*EXERCISE*:
Leave the pictures out and write out exactly the lines from the top of the entries through the line containing "Angle of Lodovico".

*SUPPLIED DATA*:
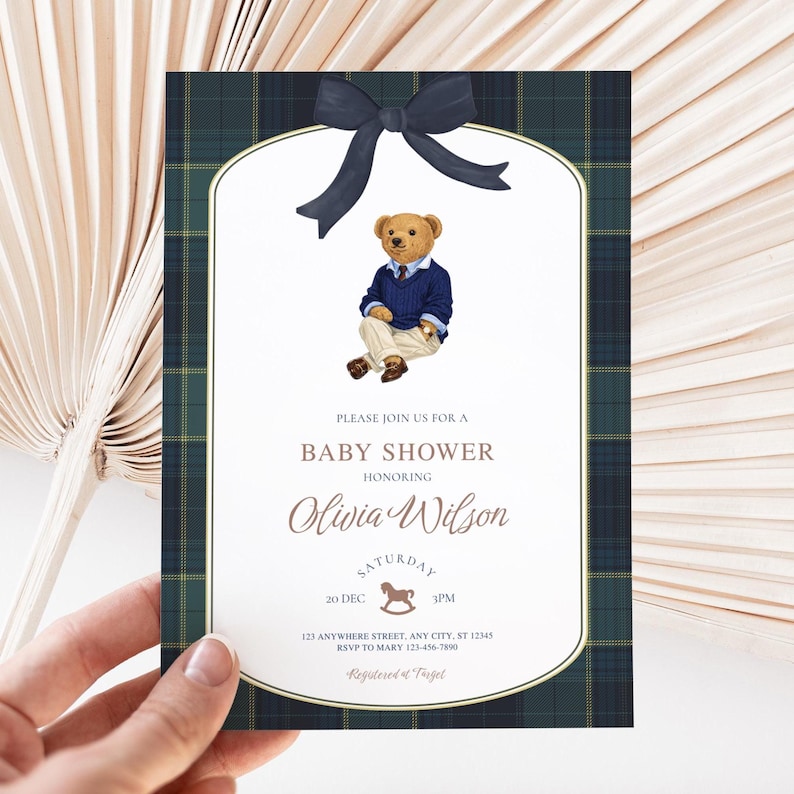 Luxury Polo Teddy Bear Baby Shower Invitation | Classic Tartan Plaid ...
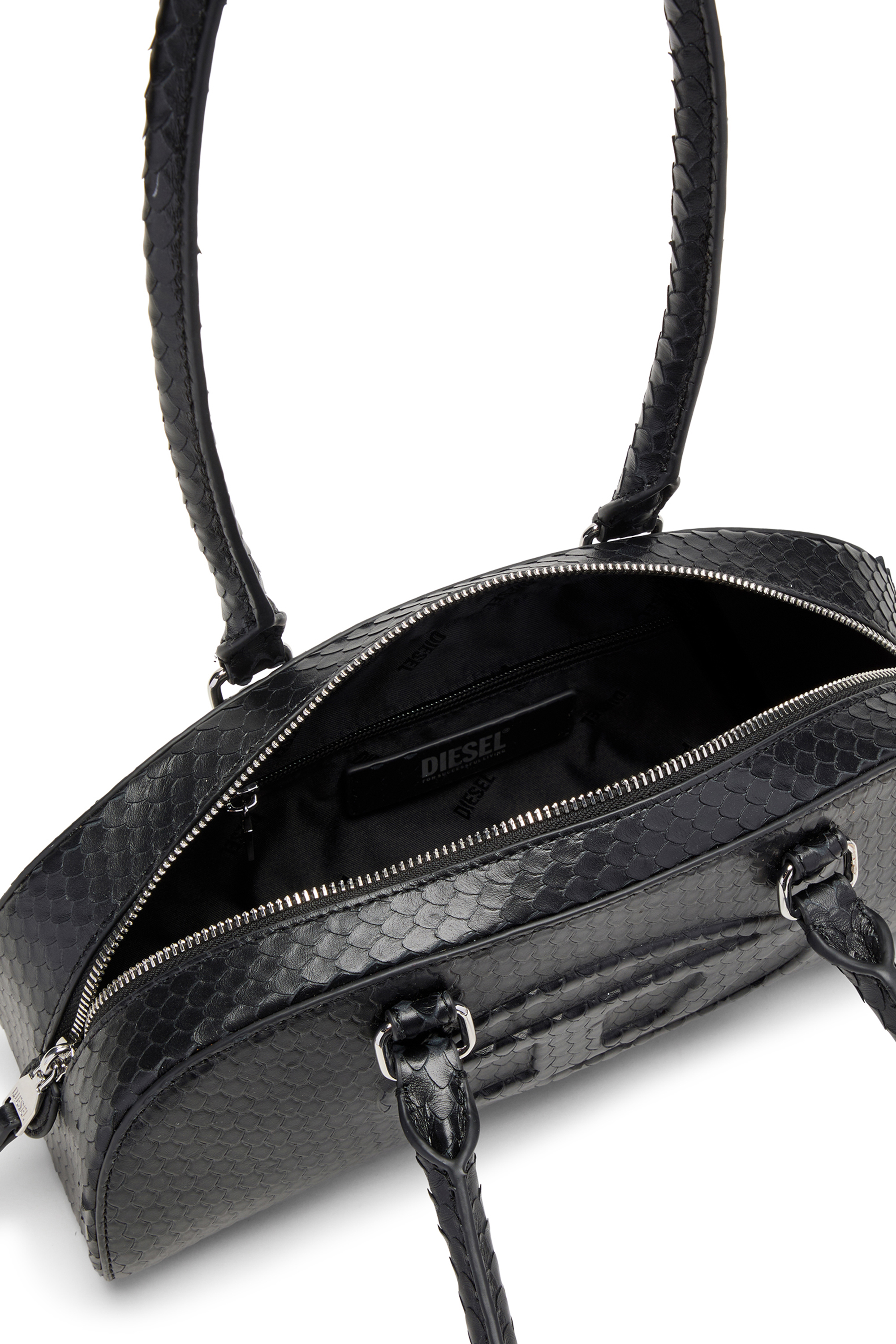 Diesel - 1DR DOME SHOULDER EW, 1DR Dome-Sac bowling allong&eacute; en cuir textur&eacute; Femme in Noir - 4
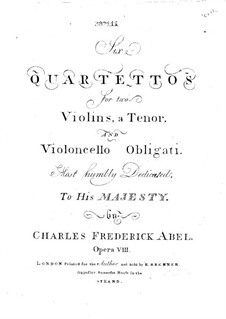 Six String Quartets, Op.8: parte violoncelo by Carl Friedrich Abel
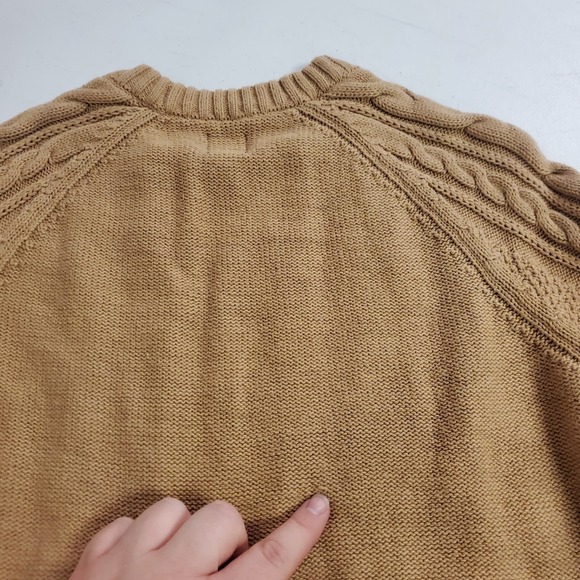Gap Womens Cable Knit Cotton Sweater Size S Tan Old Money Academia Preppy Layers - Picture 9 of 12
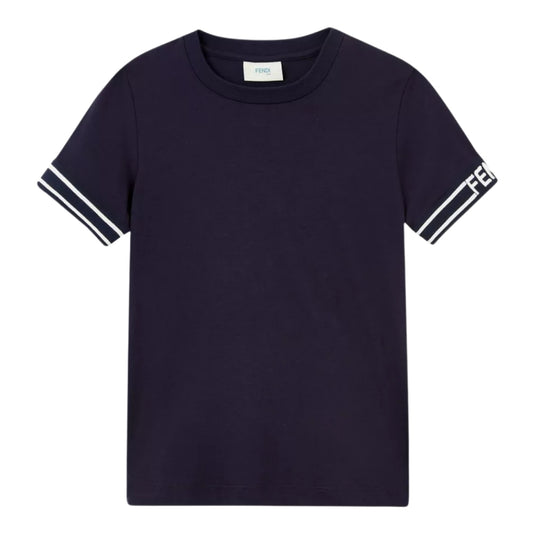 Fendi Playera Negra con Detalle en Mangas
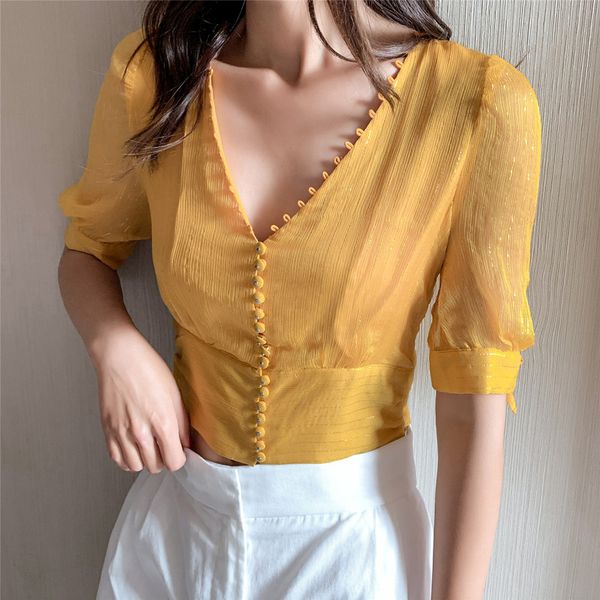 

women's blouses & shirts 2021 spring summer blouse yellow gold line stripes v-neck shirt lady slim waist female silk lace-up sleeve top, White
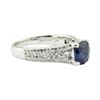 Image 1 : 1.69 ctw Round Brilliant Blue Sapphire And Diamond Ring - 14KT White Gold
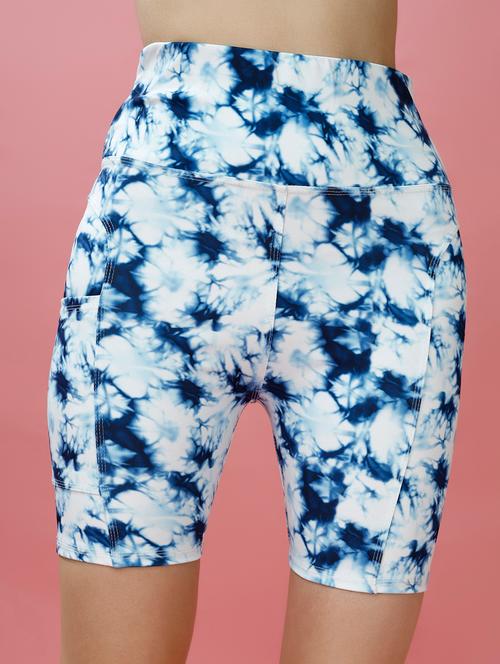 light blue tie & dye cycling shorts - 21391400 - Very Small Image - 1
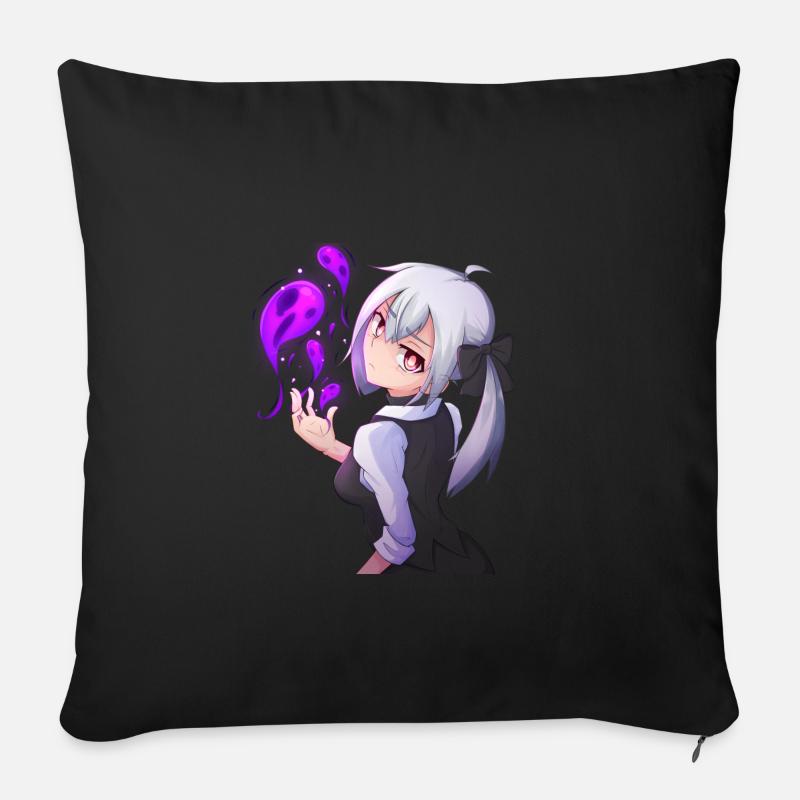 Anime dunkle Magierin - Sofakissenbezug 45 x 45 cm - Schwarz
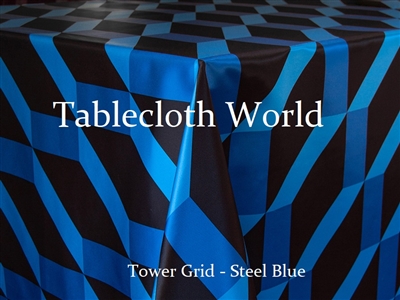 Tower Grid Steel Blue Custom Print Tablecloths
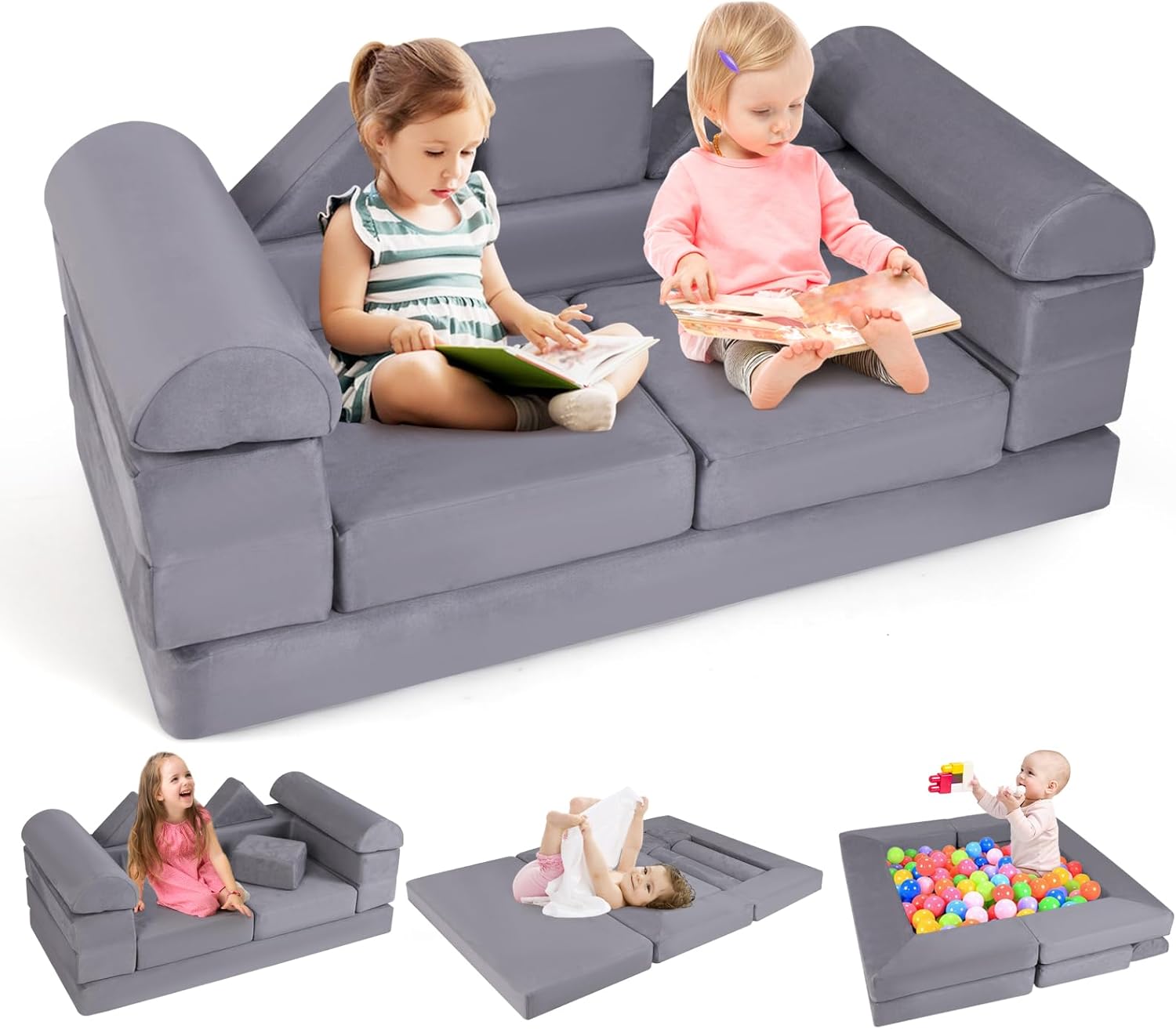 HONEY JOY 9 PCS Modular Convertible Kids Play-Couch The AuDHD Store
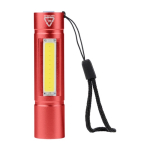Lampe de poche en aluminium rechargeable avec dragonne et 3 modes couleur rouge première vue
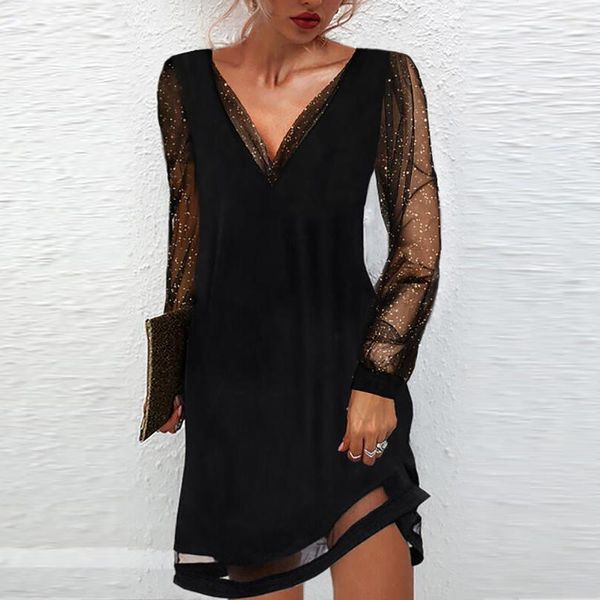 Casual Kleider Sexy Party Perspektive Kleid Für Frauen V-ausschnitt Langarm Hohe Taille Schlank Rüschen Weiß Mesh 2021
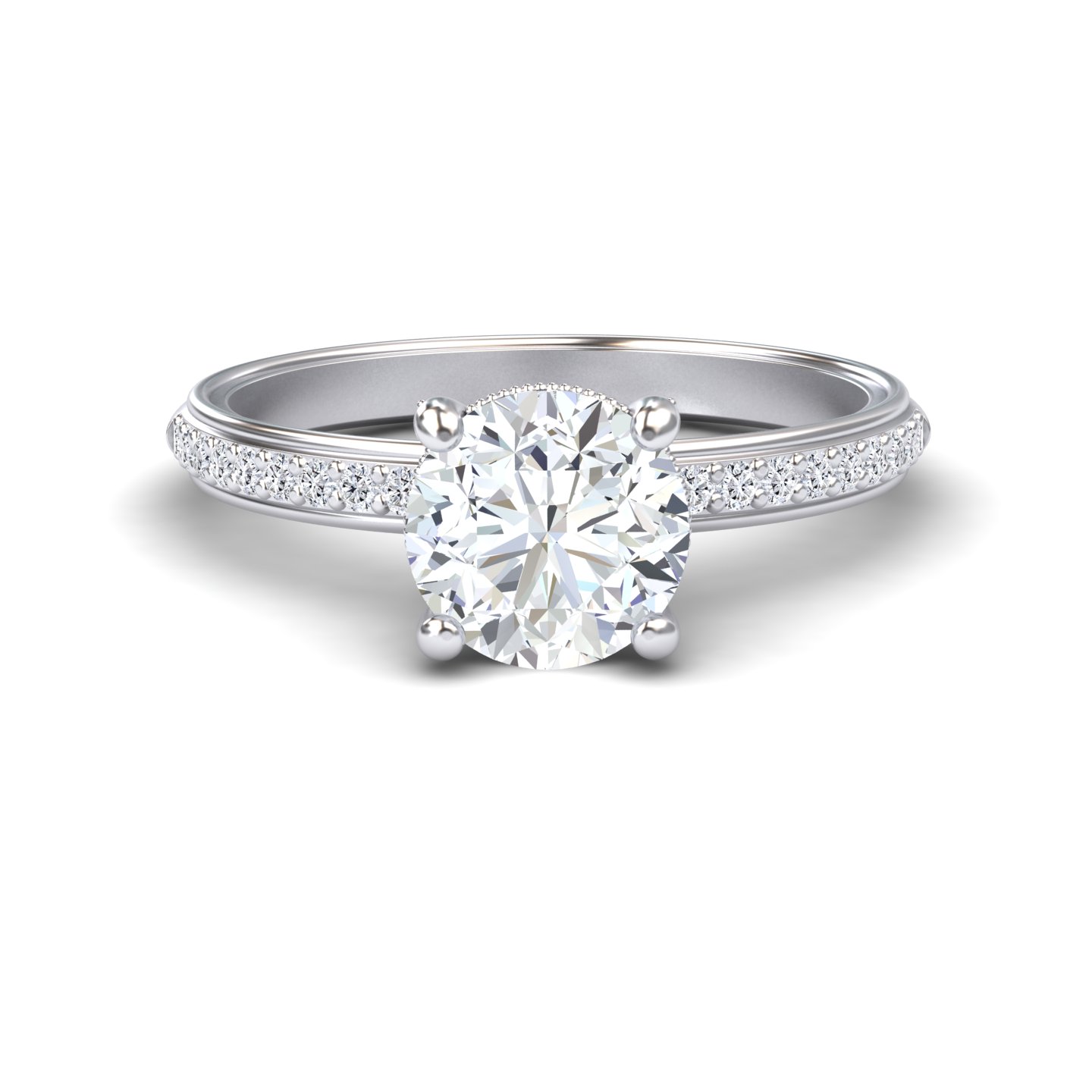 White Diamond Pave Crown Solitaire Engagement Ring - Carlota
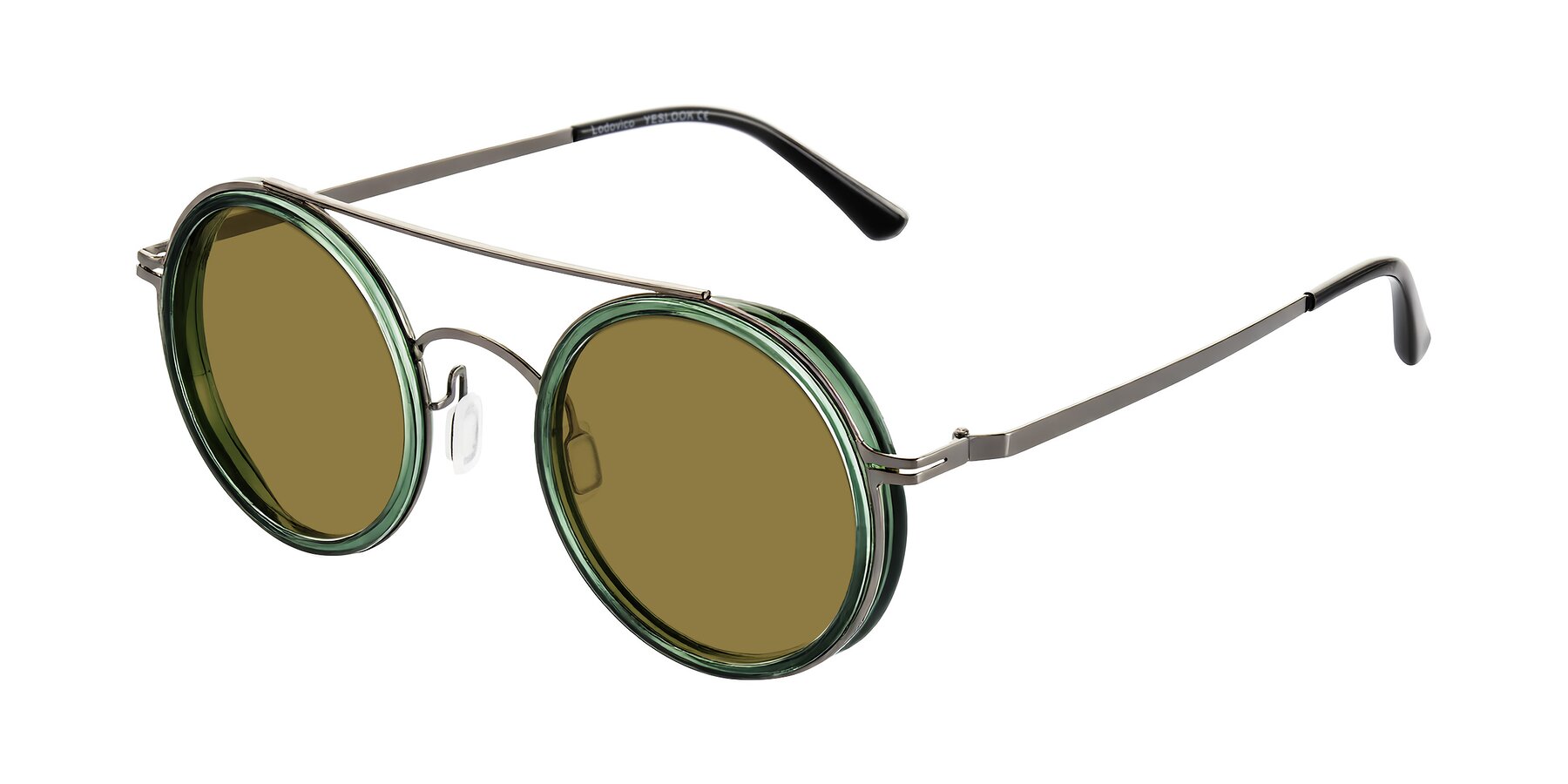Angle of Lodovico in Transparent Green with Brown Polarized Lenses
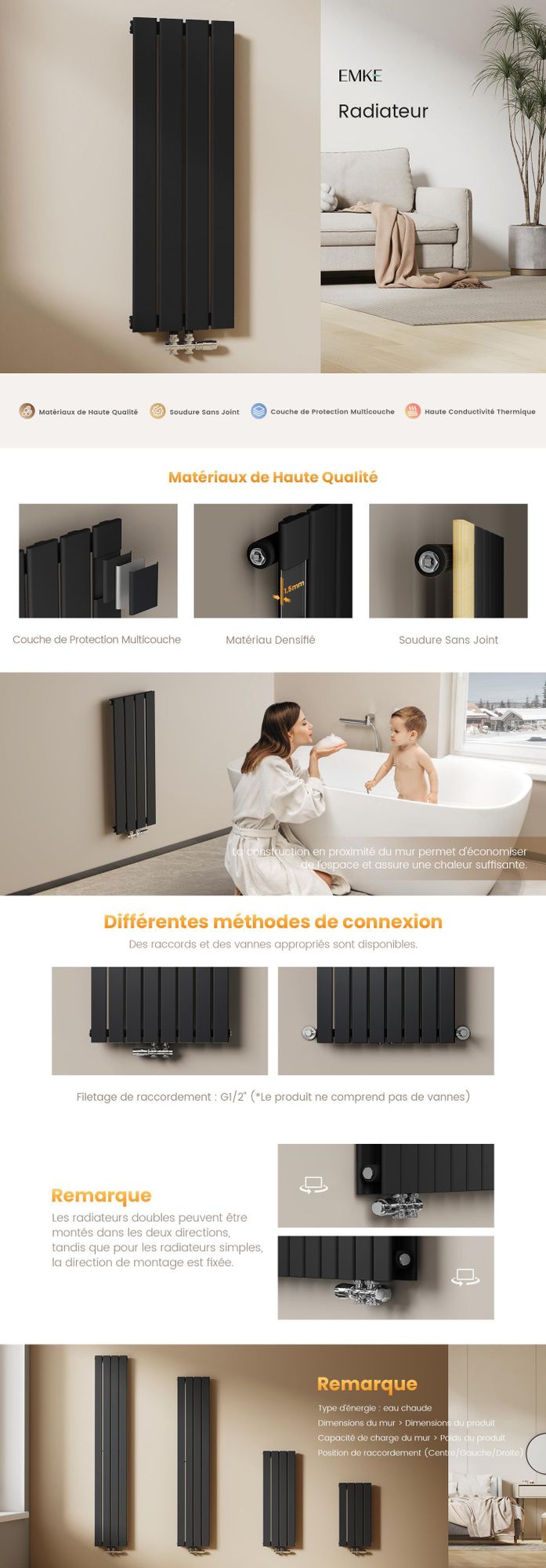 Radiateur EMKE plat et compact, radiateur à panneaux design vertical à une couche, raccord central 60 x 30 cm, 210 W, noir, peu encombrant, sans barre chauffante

*SOLUTION FOR THIS EXERCISE*:
 Luxury Polo Teddy Bear Baby Shower Invitation | Classic Tartan Plaid ...
 Diesel - 1DR DOME SHOULDER EW, 1DR Dome-Sac bowling allong&eacute; en cuir textur&eacute; Femme in Noir - 4
 Six String Quartets, Op.8: parte violoncelo by Carl Friedrich Abel
Gap Womens Cable Knit Cotton Sweater Size S Tan Old Money Academia Preppy Layers - Picture 9 of 12
 Fendi Playera Negra con Detalle en Mangas

women's blouses & shirts 2021 spring summer blouse yellow gold line stripes v-neck shirt lady slim waist female silk lace-up sleeve top, White
 Image 1 : 1.69 ctw Round Brilliant Blue Sapphire And Diamond Ring - 14KT White Gold
 light blue tie & dye cycling shorts - 21391400 - Very Small Image - 1
 Anime dunkle Magierin - Sofakissenbezug 45 x 45 cm - Schwarz
 Tower Grid Steel Blue Custom Print Tablecloths
 HONEY JOY 9 PCS Modular Convertible Kids Play-Couch The AuDHD Store
Lampe de poche en aluminium rechargeable avec dragonne et 3 modes couleur rouge première vue
 Casual Kleider Sexy Party Perspektive Kleid Für Frauen V-ausschnitt Langarm Hohe Taille Schlank Rüschen Weiß Mesh 2021
 White Diamond Pave Crown Solitaire Engagement Ring - Carlota
Angle of Lodovico in Transparent Green with Brown Polarized Lenses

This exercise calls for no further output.